BE COMPLETE met its primary endpoint, demonstrating that patients treated with bimekizumab experienced a 50% or greater improvement in signs and symptoms of the disease from baseline, as measured by the American College of Rheumatology (ACR) 50 response at week 16, compared to those treated with placebo.

All of the study’s secondary endpoints were likewise met. At week 16, bimekizumab showed significant improvements over placebo in physical function, as measured by the Health Assessment Questionnaire-Disability Index (HAQ-DI); skin clearance, as measured by at least a 90% improvement in the Psoriasis Area and Severity Index (PASI90); physical health status, as measured by the SF-36 Physical Component Summary (PCS) score; and low disease activity, as measured by the Minimal Disease Activity (MDA) score.

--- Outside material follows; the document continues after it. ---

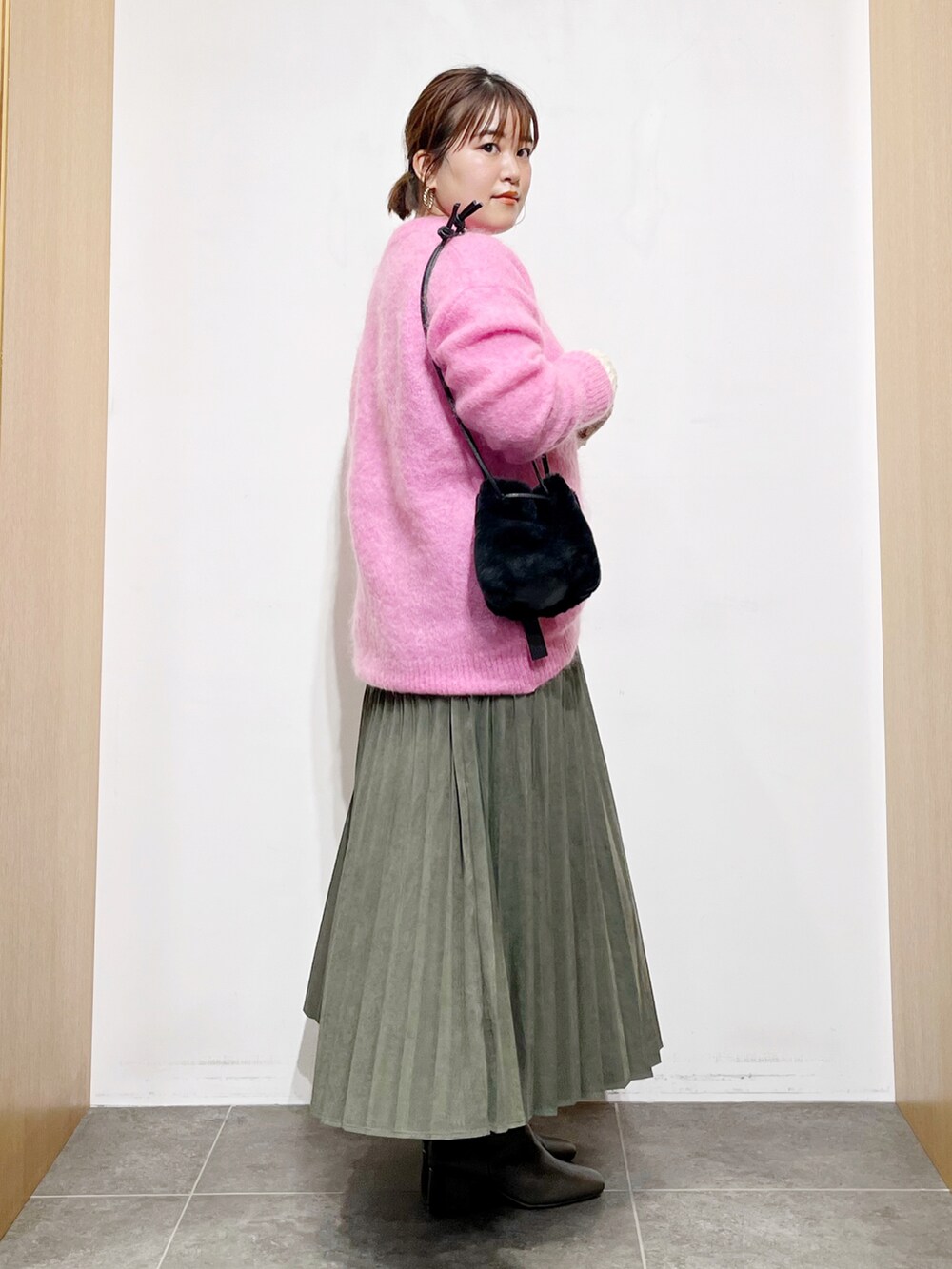 ピンク系のニット/セーター、グリーン系のスカート、グレー系のブーツを着用したレディースの秋コーディネートの5枚目の写真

“Psoriatic arthritis is a chronic inflammatory condition affecting both the joints and skin. The positive top-line results from the Phase 3 BE COMPLETE study show the potential of bimekizumab to improve the signs and symptoms of active psoriatic arthritis in a patient population who were inadequate responders or intolerant to anti-TNF therapy,”

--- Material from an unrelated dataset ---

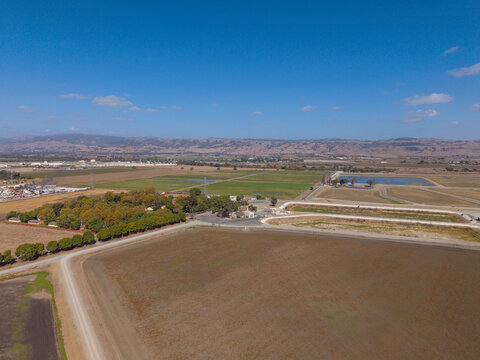 Water treatment facility and irrigation ponds managing resources for surrounding agricultural fields, reflecting water scarcity and sustainable farming practices in a rural landscape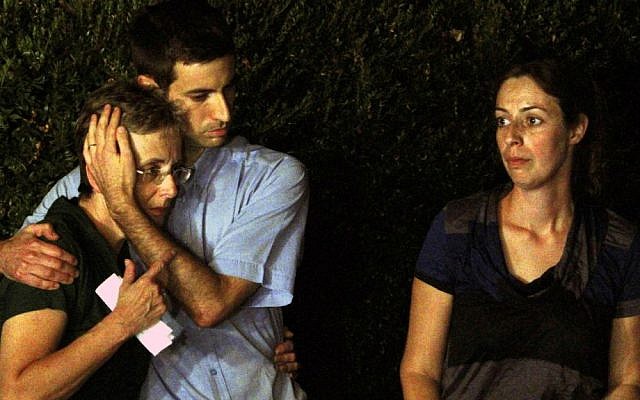 Mother Lea and brother Haim (L) of Israeli soldier Hadar Goldin are seen during a news conference outside their home in the central Israeli city of Kfar Saba August 2, 2014. (photo by Flash90)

said Dr Joseph F. Merola, MD, MMSc, Associate Professor, Harvard Medical School and Brigham and Women’s Hospital, Boston, MA, US.

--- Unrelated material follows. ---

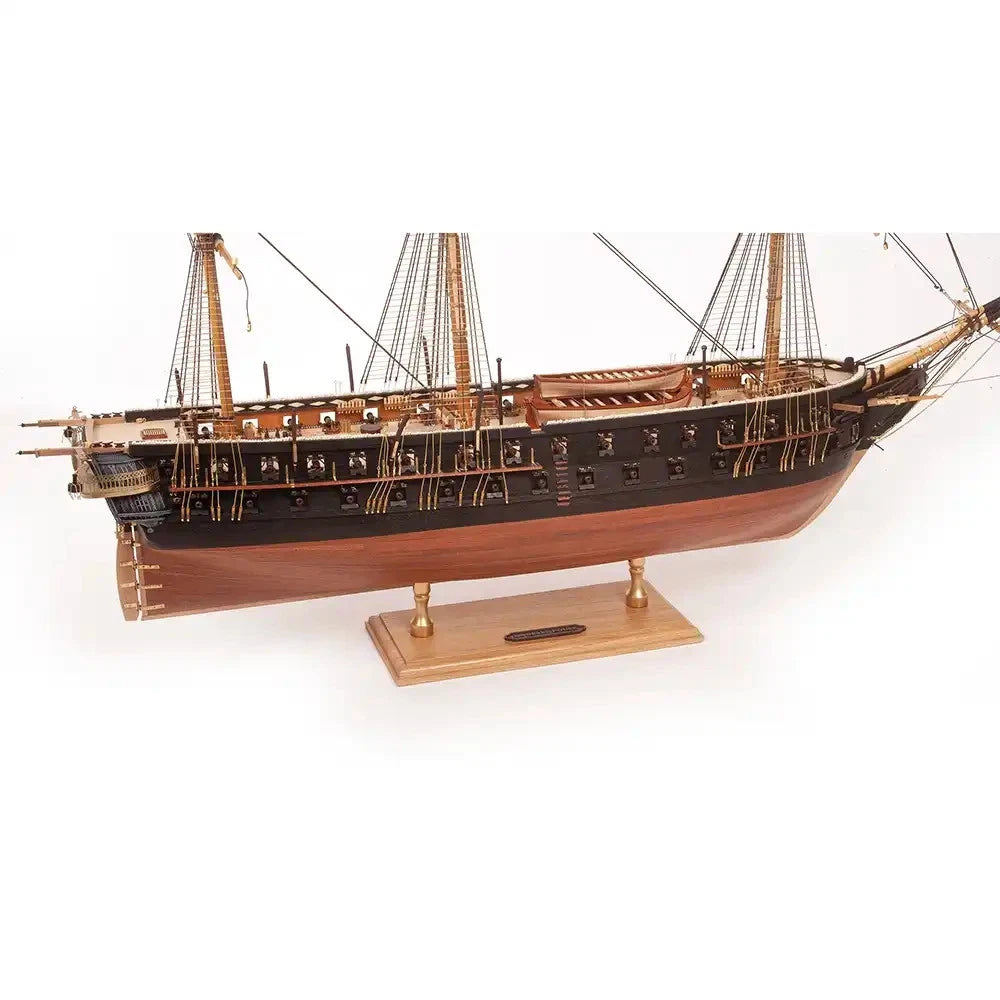 Photo of the OcCre 19164 Solid Oak Ship Model Display Base with two brass brackets, measuring 250x120x15mm, ideal for showcasing ship models.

“The BE COMPLETE results mark the latest positive data in a series of four phase 3 readouts for bimekizumab in the treatment of psoriatic arthritis and axial spondyloarthritis. We believe that these consistent and robust results have the potential to elevate the standard of care for patients,” Both psoriatic arthritis studies in the program used ACR50 as the primary outcome measure. The positive findings in both studies highlight the clinical potential of bimekizumab in psoriatic arthritis for both biologic naïve and anti-TNF therapy experienced patients.”

said Emmanuel Caeymaex, executive vice president, immunology solutions and head of US, UCB.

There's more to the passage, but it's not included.